Come back for a debate when you at least have reliability statistics. Run a video tape of a trial before 2 tribunals. See if the same outcome results. Until you have reliability statistics with inter-rater reliability Kappas close 0.9, you have unlawful garbage. We have nothing to debate.

It is naive to believe current methodology benefits any party but the rent seeking lawyer, not victims, not survivors, not future victims, not the public. It generates long term, numerous, indoor jobs for lawyers. It is a show. It achieves no goal in the criminal law.

Sentencing should be taken away from the dangerously incompetent judiciary, and from the self-dealing, rent seeking lawyer.

Once guilt of any third violent crime has been established in a trial, death should be mandatory, immediate. Its cruelty should be immune from judicial review. Judicial review is itself unlawful.

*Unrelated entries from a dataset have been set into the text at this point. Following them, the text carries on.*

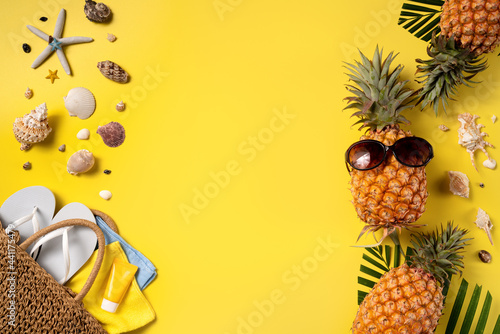 Summer fruit background design concept. Beach with shells, pineapple and palm leaves on yellow background.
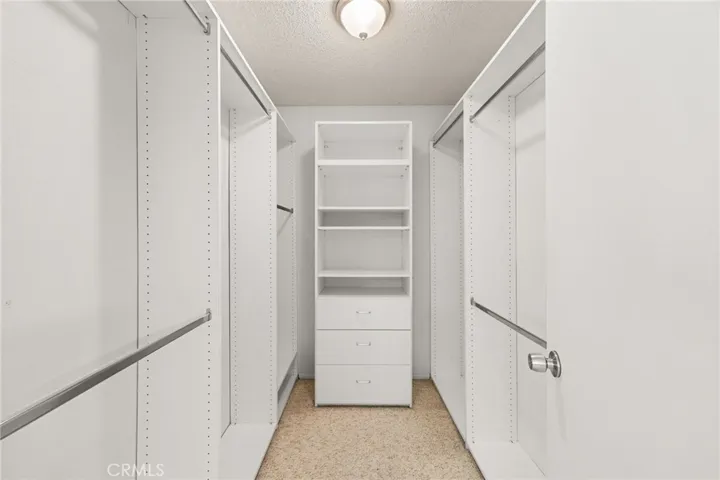 Primary bedroom walk-in closet.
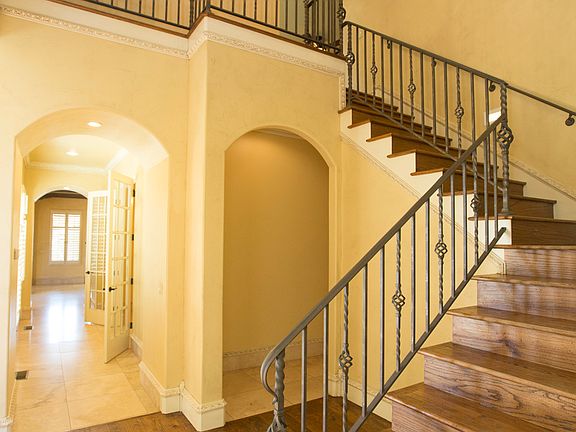 Gorgeous hand scraped hardwoods welcome visitors into the 2 story Entry boasting elegant chandelier, extensive crown moulding and arched detailing.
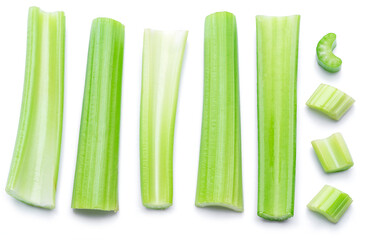 Pile of celery ribs isolated on white background.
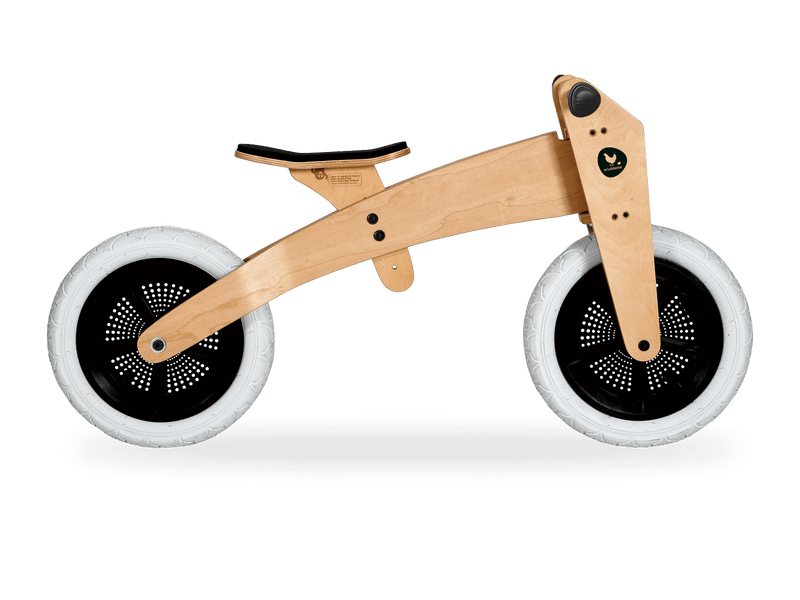 Wooden running bike in high mode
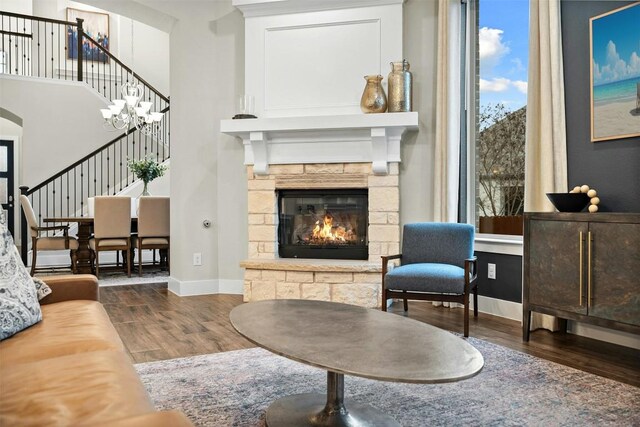 living area with a stone fireplace, dark wood-type flooring, stairway, and baseboards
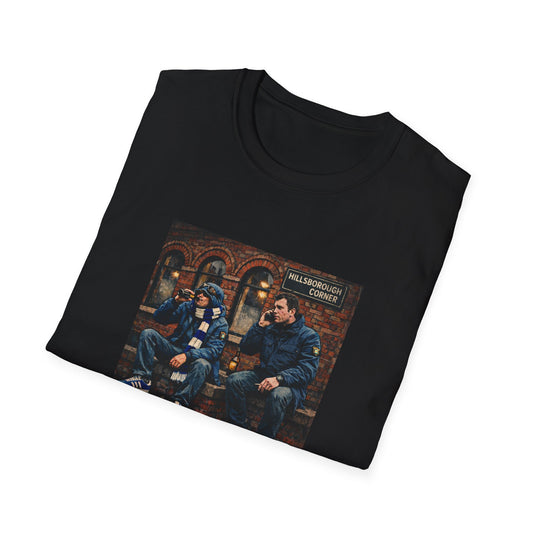 Folded black t-shirt with graphic design of two people sitting on a bench in a city street.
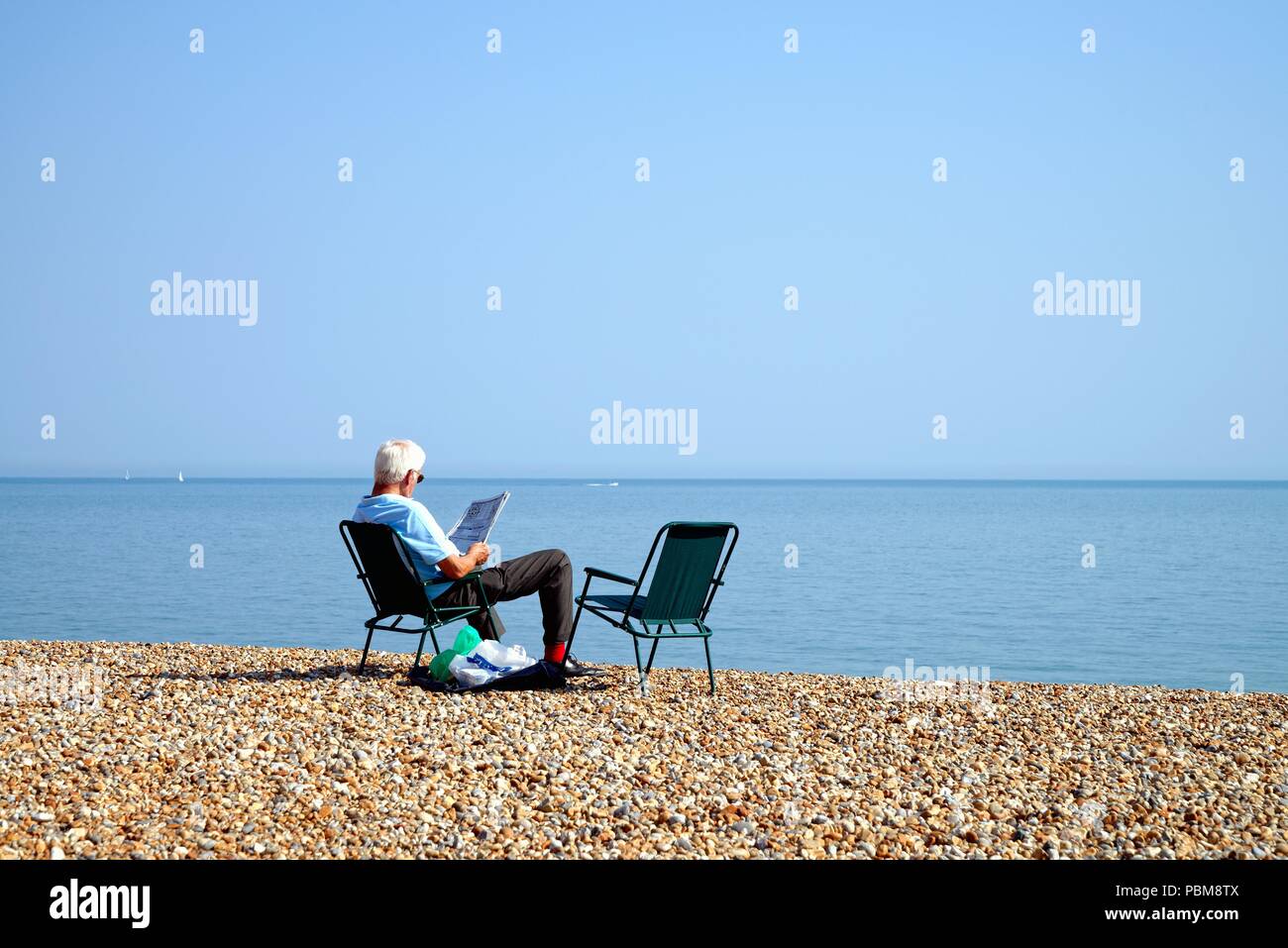 Personnes âgées homme blanc assis sur la plage à Hastings sur une chaude journée d'été, East Sussex England UK Banque D'Images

There are no cruel modern execution methods. About 90% of us will die a prolonged, rough, humiliating death, a 1000 times worse than any execution method. Why a convicted felon should get a better death than most ordinary people has no justification.

Once this system is enacted, the first to be executed should be the 15,000 member lawyer hierarchy, for insurrection against the Constitution, especially Article I Section 1, and especially the Justices of the Supreme Court.They ordered the unauthorized mass murder of millions of viable third trimester babies without Fifth Amendment due process. They rank in crazed murderousness with the worst of the 20th Century tyrants. I make no exception for the right wing of the Court. They collaborated and allowed the crime to proceed. Try them for an hour. The sole evidence would be excerpts from their decisions, and their voting records. There would be no charge of collateral corruption, no false lawyer gotcha. Convict them. Hang them from the courthouse trees. Post the vid on YouTube. To deter. I have every confidence the lawyer profession would decide to change and would get deterred after that.